Status: Accepted — v1.0 hardening landed: Better Auth removed from the runtime; security controls wired + enforced; refresh-rotation, runtime-enforced plugin guards + fail-fast boot validation, and the identity-kind seam shipped. See "Phase 6 — v1.0 hardening" at the end for the current state. Date: 2026-06-25 Renumbered: was drafted as ADR-018; renumbered to 029 to avoid collision with ADR-018 (progressive extraction). Supersedes/relates: ADR-013 (tenant isolation), the employee phone-OTP auth, Better Auth integration.

Context

Authentication is currently split across two systems: Better Auth (org-admins: email/password, TOTP, organization plugin, sessions) and a bespoke employee phone-OTP flow that issues its own Session rows. A security review surfaced real issues (OTP coupled to an org before auth, no rate limiting on /api/employee-auth/*, a duplicate-identity race, no PIN, localStorage-only onboarding) and a strategic need: authentication should become a reusable platform across all current and future Demoz products (pay, lending, HR, merchant/partner portals, mobile), not a DemozPay-specific module.
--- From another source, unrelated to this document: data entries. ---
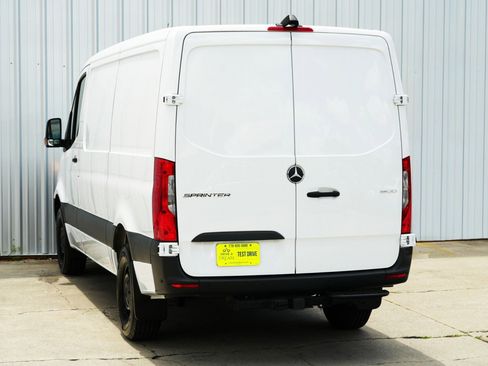 Used 2023 Mercedes-Benz Sprinter 1500 image 40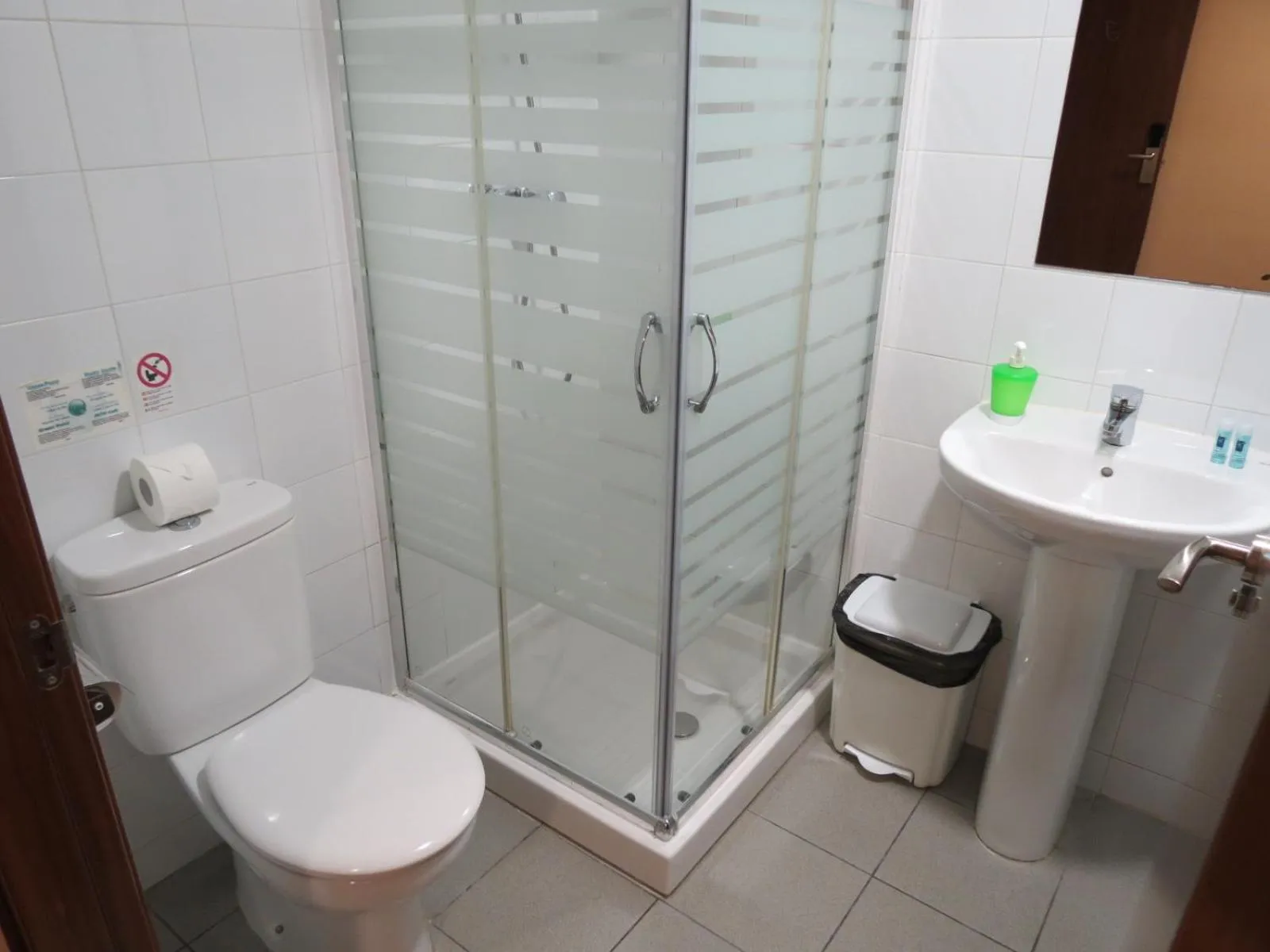 Shower in Hostal Petit Príncep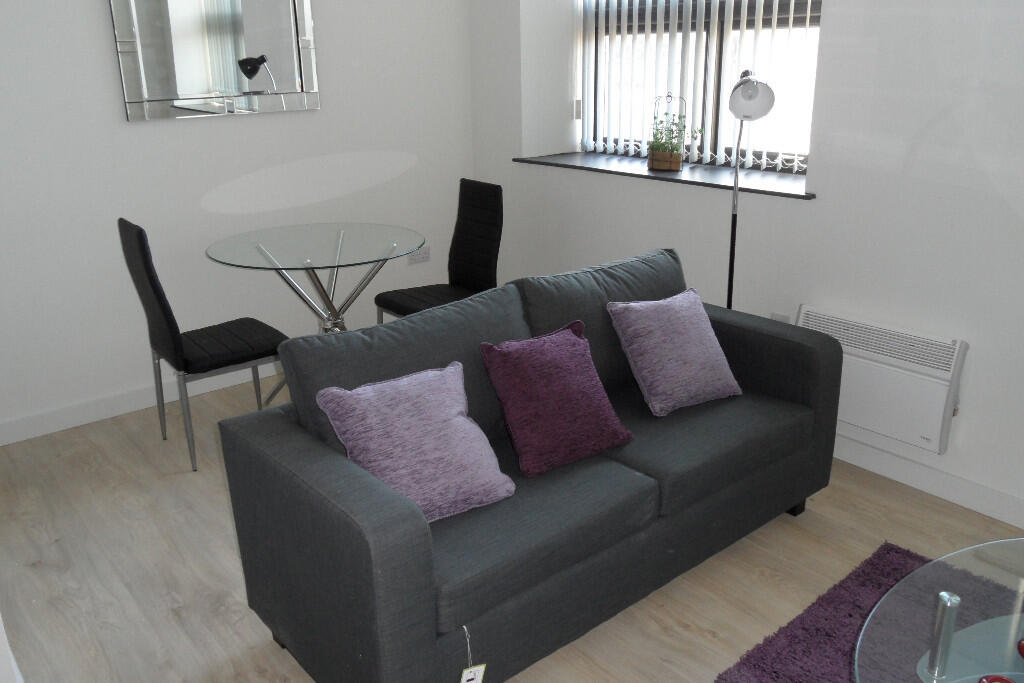 1 bed Apartment for rent in Bradford. From Biscayne Properties - Bradford 1 bed Apartment for rent in Bradford. From Biscayne Properties - Bradford
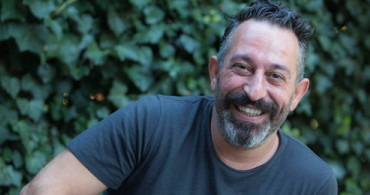 Cem Yılmaz'dan Takipçisine Piyano Jesti!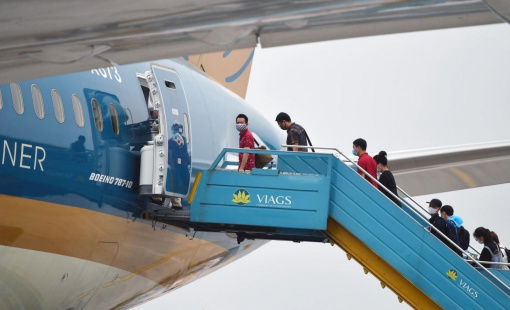 Khách bay nội địa hồi phục, vượt mức trước đại dịch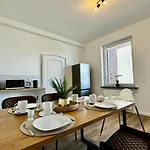 Zentrale, Familienfreundliche Nahe Hbf, Ideal Fuer Geschaeftsreisen Und Stadterkundungen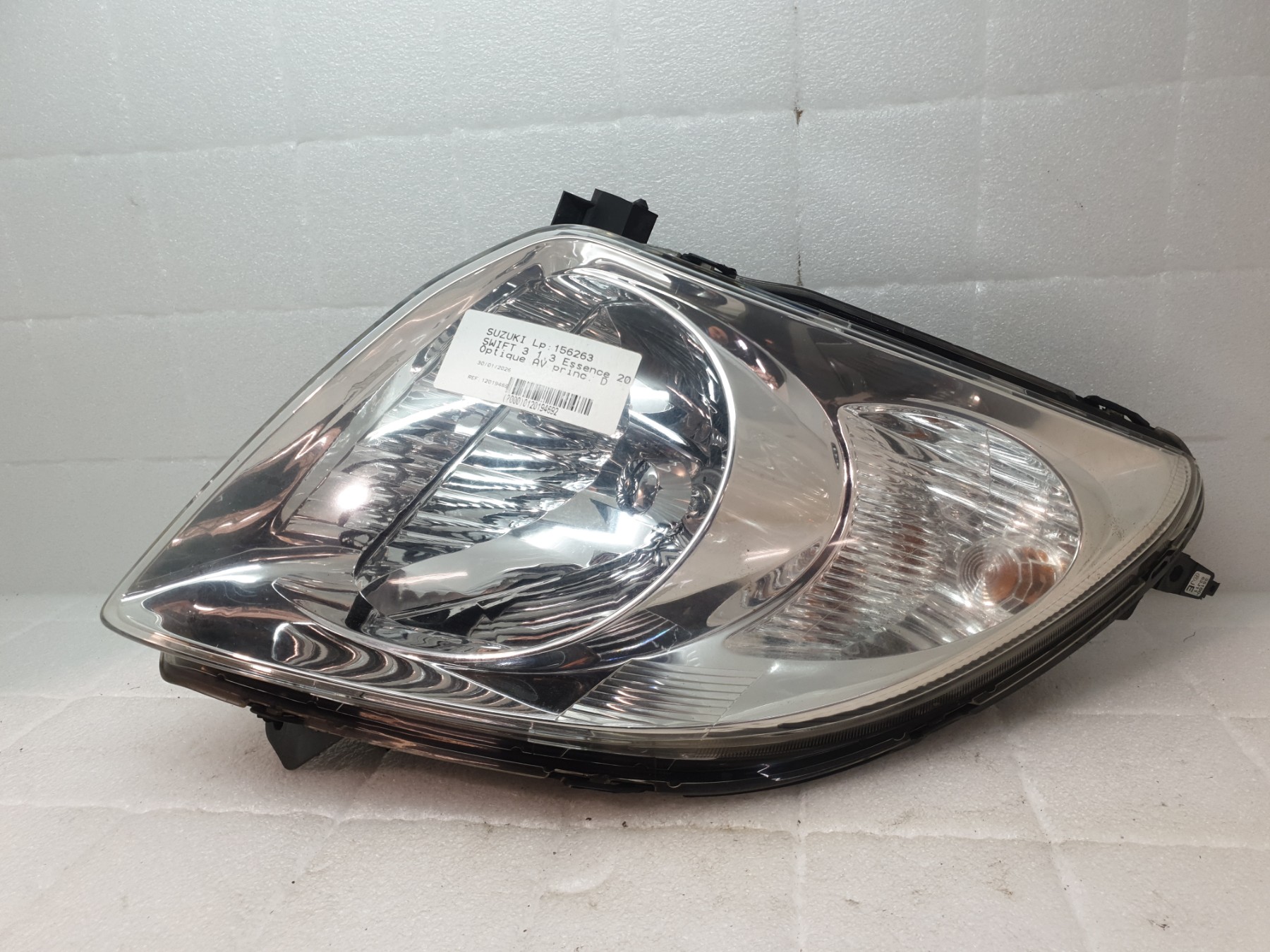 Optique avant principal droit (feux)(phare) suzuki swift 3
We want to learn from Better Auth's plugin/hook/schema-extension model without forking or copying it, and reach a state where replacing the auth provider means changing one adapter.

Decision

  1. Build @demoz-pay/demoz-auth — a pure, framework-agnostic package (no Nest/Prisma/Express/HTTP/React). It owns: domain (Identity, Credential, Session, Membership, AuthEvent), the ports contract, the engine (compose adapters + plugins + config), the plugin system + hook bus, and SDK flow contracts. Concrete adapters and transport bindings live in apps/api/src/identity.
  2. Identity-first model: identity → memberships → workspace → permissions. Two session kinds — IDENTITY (no workspace) and WORKSPACE (identity + tenant + permissions). Auth never assumes an organization.
  3. Credential-agnostic core: PIN/Password/OTP/Passkey/TOTP share one shape; new factors require no core change. PIN hashing uses Argon2id (@node-rs/argon2) via the Hasher port.
  4. Better Auth becomes one adapter behind the ExternalSessionResolver port (BetterAuthBridgeAdapter). It remains the authority for email/password + TOTP used by platform admin, business/employer, FI and merchant users. Employees use phone → OTP → PIN, owned by DemozAuth.
  5. Plugins contribute endpoints/guards/schema/hooks/services as transport-agnostic descriptors; the core never imports a plugin.
  6. Migration is incremental, additive, reversible, feature-flagged. Phases: (0) ADR + scaffold → (1) ports/engine/registry/bridge [this ADR] → (2) move phone/OTP/PIN/identity+workspace sessions into plugins behind flags → (3) audit/rate-limit/risk/device plugins → (4) Better Auth limited to email/password+TOTP+OAuth via the bridge → (5) optional Better Auth removal once at parity (a business decision, not a rewrite).

Persona → method (locked)

  • Admin / Business / FI / Merchant → email + password (+ TOTP) via Better Auth (unchanged).
  • Employee → phone → OTP → PIN (OTP only for first login / new device / PIN reset / risk).

Consequences

  • Positive: reusable company asset; provider lock-in removed (swap = one adapter); clean DDD boundaries; each capability independently testable; fintech security (Argon2id, hashed OTP, lockouts, risk hooks) designed in from day one.
  • Negative / risk: a second auth surface during migration (mitigated by the existing IdentityProvider seam and a single Session table with additive columns); schema-composition from plugin-declared models needs a build step (start simple, automate later); scope discipline required (OAuth/SSO/passkey are future plugins, not now).
  • Non-goals (now): rewriting org-admin auth, OAuth/SSO, passkeys.

Phase 1

Pure package scaffold: domain, ports, engine, plugin registry, hook bus, config, SDK contracts, in-memory testing adapters, unit tests; the ADR; and a non-wired BetterAuthBridgeAdapter. No runtime wiring, no migrations, no behavior change. Verified by tsc + eslint + package unit tests.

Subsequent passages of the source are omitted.